I have a confession to make! I published this post last weekend, and a few hours later a trusted friend queried my photograph, thinking that it didn’t do the dish justice. I took a look, and sure enough, they were right. It was like going out to work hungover and slightly frazzled wearing something that you think looks ok, and realising slowly that it was a horrible choice, ill fitting, and irritating for the rest of the day. So I took it down. I made the dish again today, same recipe, and here’s the post. In my defence, I made this dish for a friend and drank lots of wine as I was cooking (as did they!). So, lesson learned, don’t take food photographs drunk, and don’t rush blog posts!
One of my indulgences is cookbooks, I love them, and I have a ridiculous amount. Some are very well thumbed with weakening spines, others are neglected, bought out of curiosity and never properly investigated. I love concocting my own food and creating recipes, but I also love to cook from cookbooks, entering the culinary head of another, and seeing how they do things.
A lot of the cookbooks that I have been buying in the last few years are from restaurants and cafes that I really like. Often they’re not as impressive as the restaurant they are associated with, but as always, there are exceptions. Ottolenghi: The Cookbook is one.

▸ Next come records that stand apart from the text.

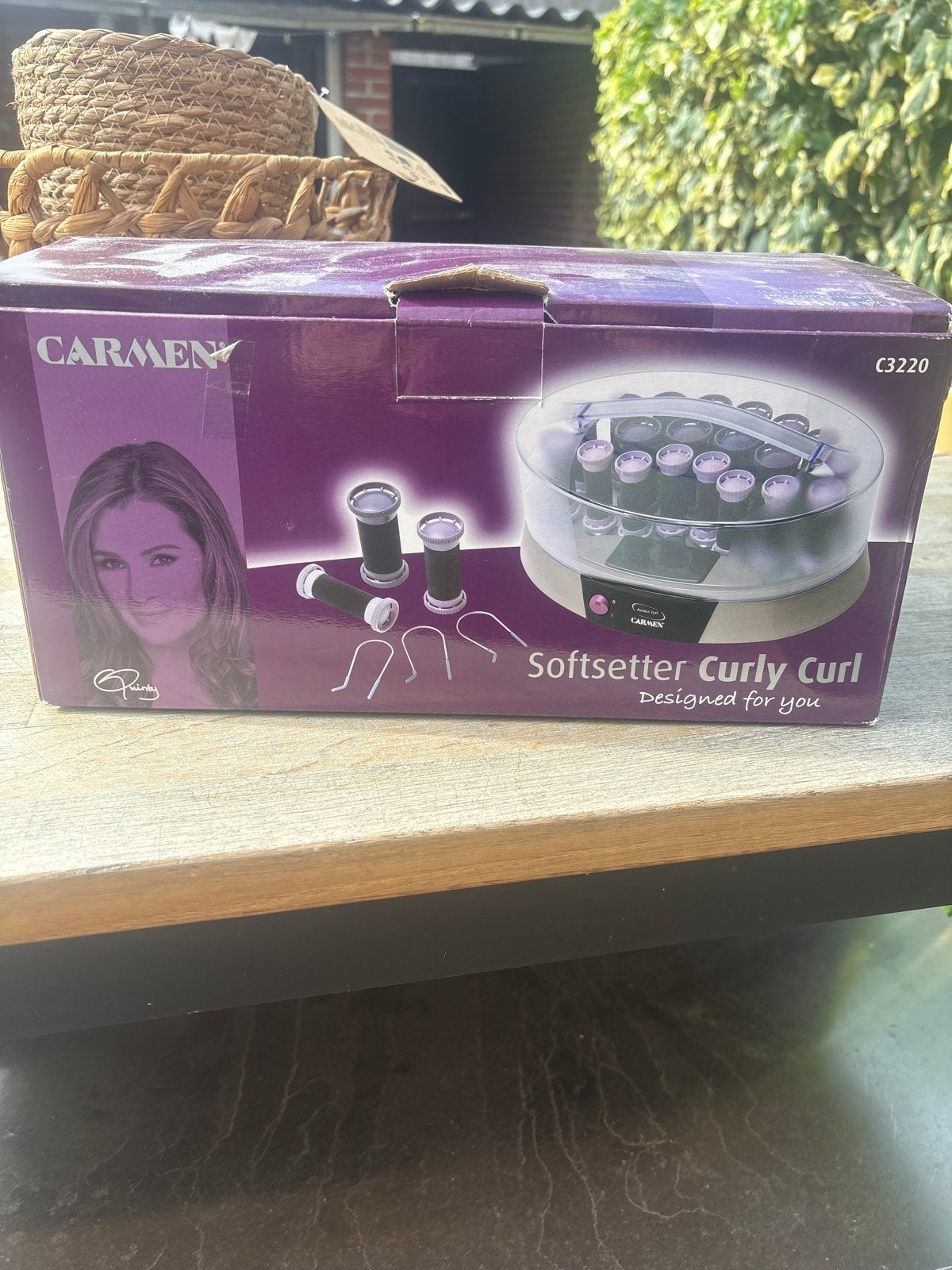 Carmen Softsetter Curly Curl krulset, Witgoed en Apparatuur, Ophalen of Verzenden, Nieuw, Haarverzorging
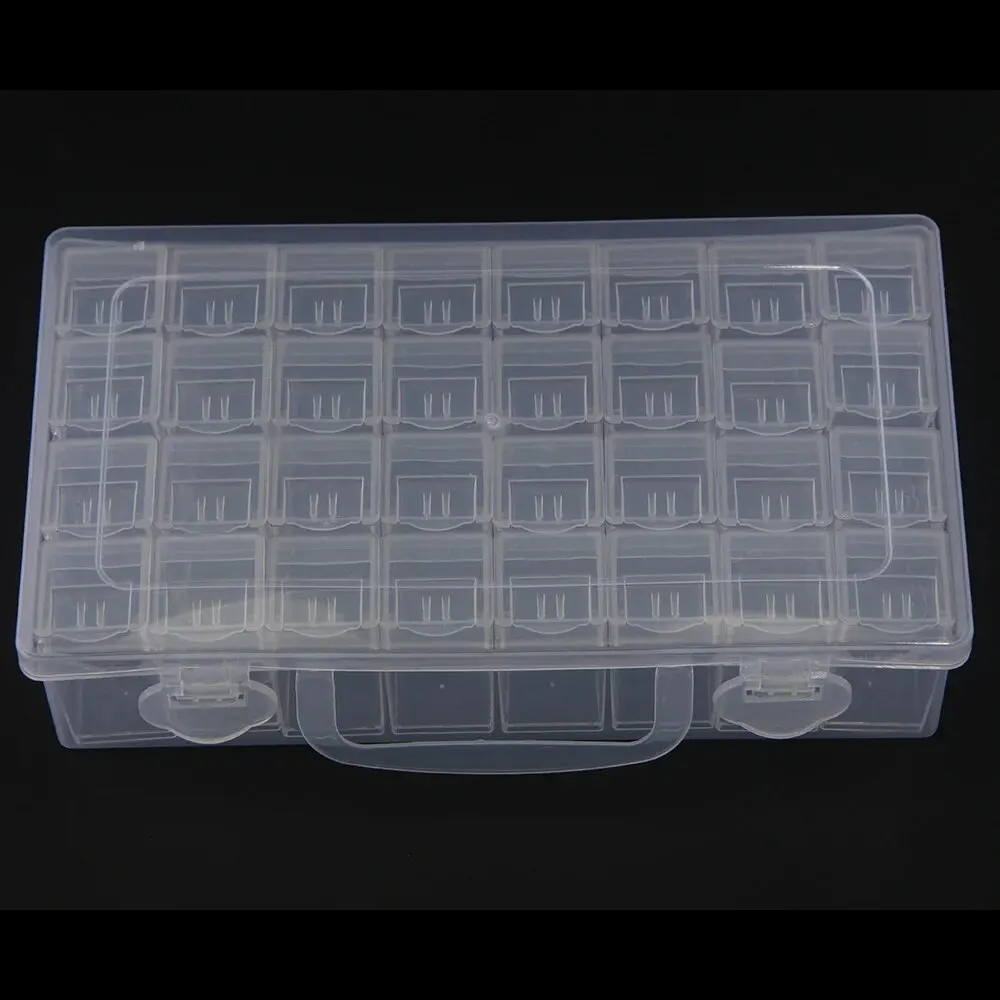 32-Compartment Transparent Storage Box Diamond Painting And Rhinestone Storage Tool storage box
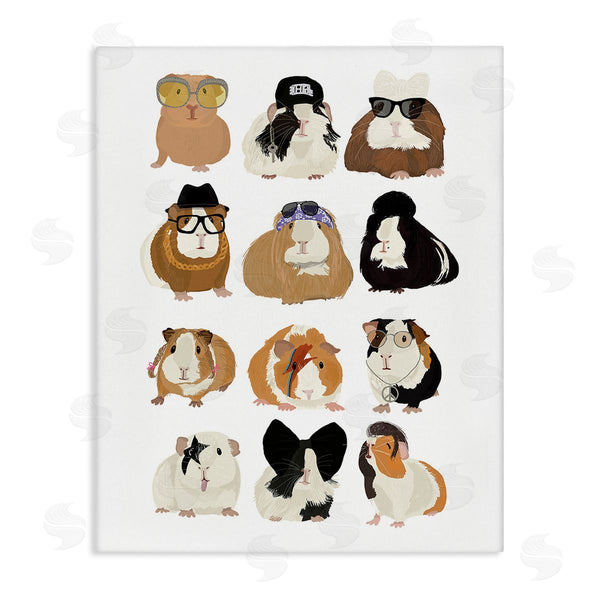 stupell industries Hanna Melin | Trendy Guinea Pigs Wall Art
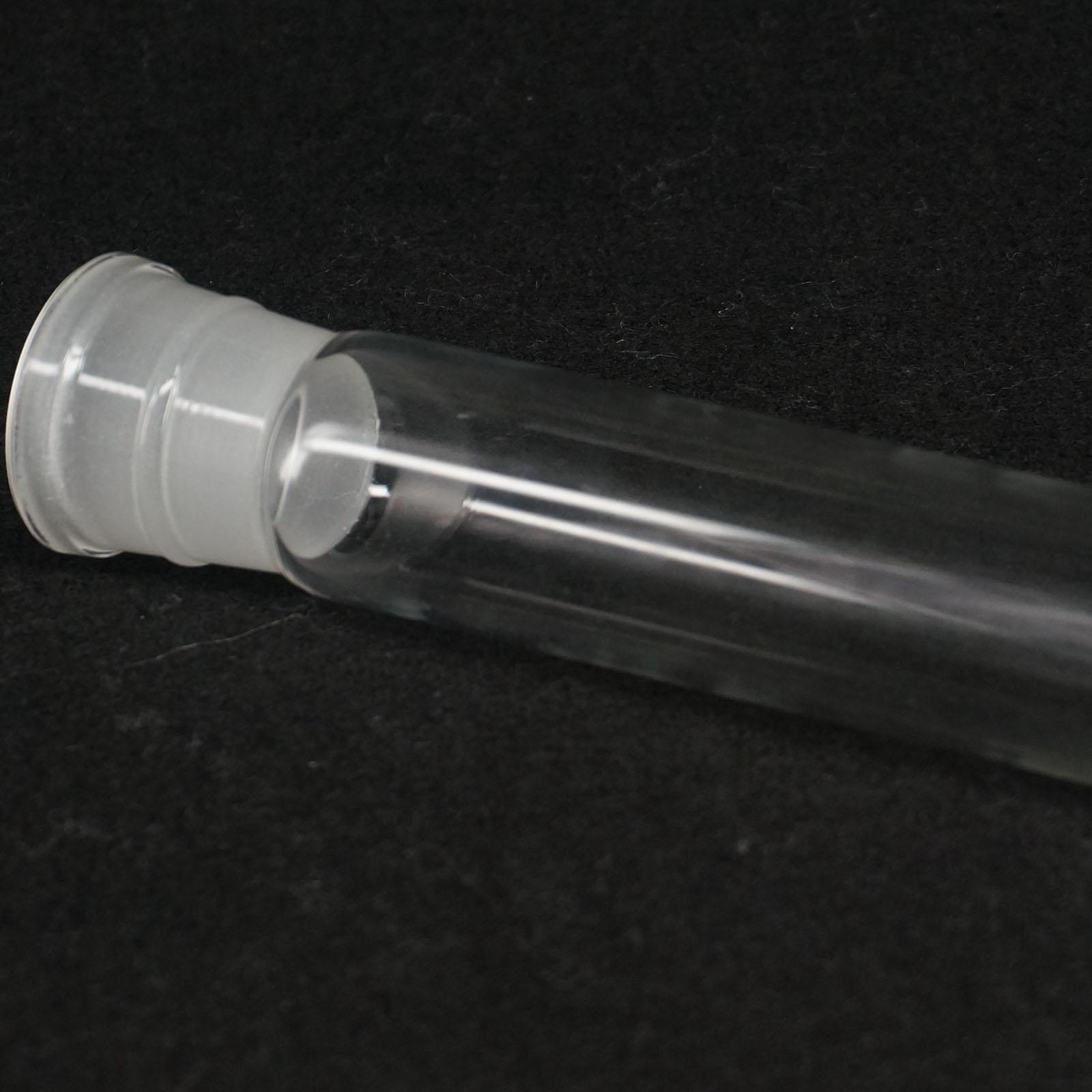 29/32 Both Ground Joint Glass Straight Connecting Adapter Tube Lab Glassware
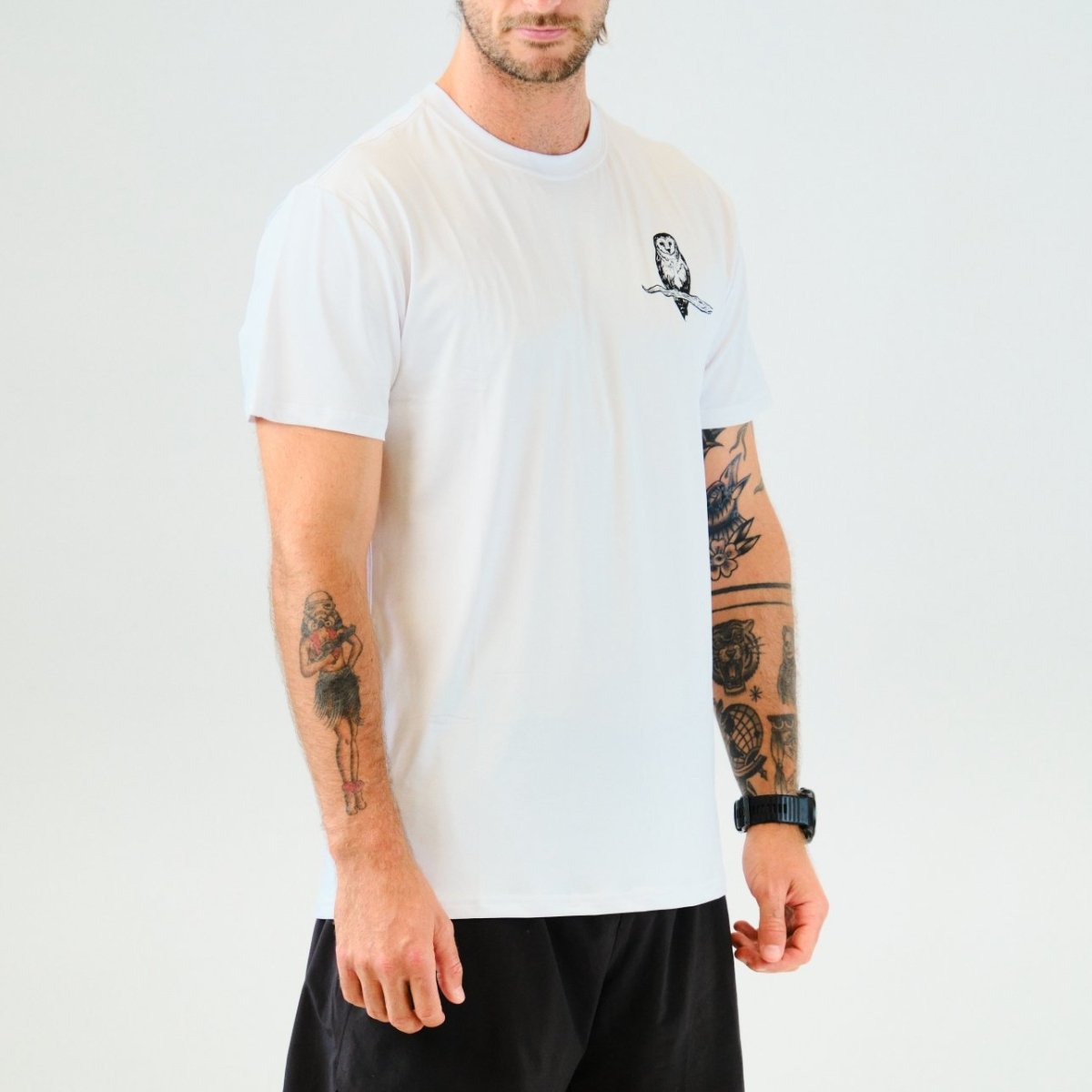 Tarkine Ultra-Eco Run Tee (Masked Owl White/Thin) - Premium  from TARKINE SPORT - Just $60! Shop now at TARKINE RUNNING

I was very excited about this one. I worked reasonably close to the Islington branch for a number of years and would occasionally treat myself to a delicious lunch. When Yotam Ottolenghi started writing recipes in the Guardian I was always enthralled with his approach and combinations. Coming from Israel with a Palestinian business partner, there are some wonderful influences from that region. The first time I used orange blossom water was when I made an Ottolenghi salad and it was a revelation. He uses colour and flavour wonderfully, I remember reading sovewhere that if a dish doesn’t look great, it doesn’t matter how great it tastes, you won’t get it at Ottolenghi.
I’ve had the cookbook since it was published and I really don’t use it enough. I frequently dip in, for inspiration or just a good read, and a flick through the gorgeous pictures. I decided I really should start, and I can safely say after just one recipe, the book is well and truly broken in with splatters and thumb prints all over the page. Ah well.
Burnt aubergine is a gorgeous, intensely savoury flavour. It’s fantastic in a vegetarian dish as it confers a depth that could otherwise be difficult to achieve. I flicked through the book and came across a lovely recipe for a salad including this, so I endeavoured to adapt and try it with the ingredients I had.
Burning an aubergine is as easy as it sounds. Rest the aubergine on a gas flame and burn it, turning it as each side is done until complete. Don’t worry if the skin splits, it happens a lot. Let it cool a little and peel the skin off, or scoop out the inside after cutting it in two. Drain in a colander for an hour or so then chop.
The rest of the salad is very straight forward, a simple dressing, some delicate spicing (cumin). This would be wonderful for a BBQ or similar summer event with the sweetness of the peppers and tartness of the tomatoes.
I altered the proportions of the recipe with two different colour peppers and a little less aubergine and tomatoes. I really liked it, and am very much looking forward to trying more of his recipes, and eating there again.
1 large aubergine, burnt as described above, drained and chopped
1 yellow pepper, diced
1 orange pepper, diced
1 medium red onion, finely chopped
a handful of small fruity cherry tomatoes or similar, halved
a handful of fresh flat leaf parsley, chopped
5 tbsp sunflower oil or similar
3 tbsp cider vinegar
3 tsp fresh cumin, toasted and ground or 3 tsp ground cumin (the first option is infinitely preferable)
sea salt & freshly ground black pepper
First, make the dressing and check the taste and adjust if necessary.
Mix the other ingredients and add the dressing. Season with S&P to taste and serve.
This is really nice with khobez, pittas or similar.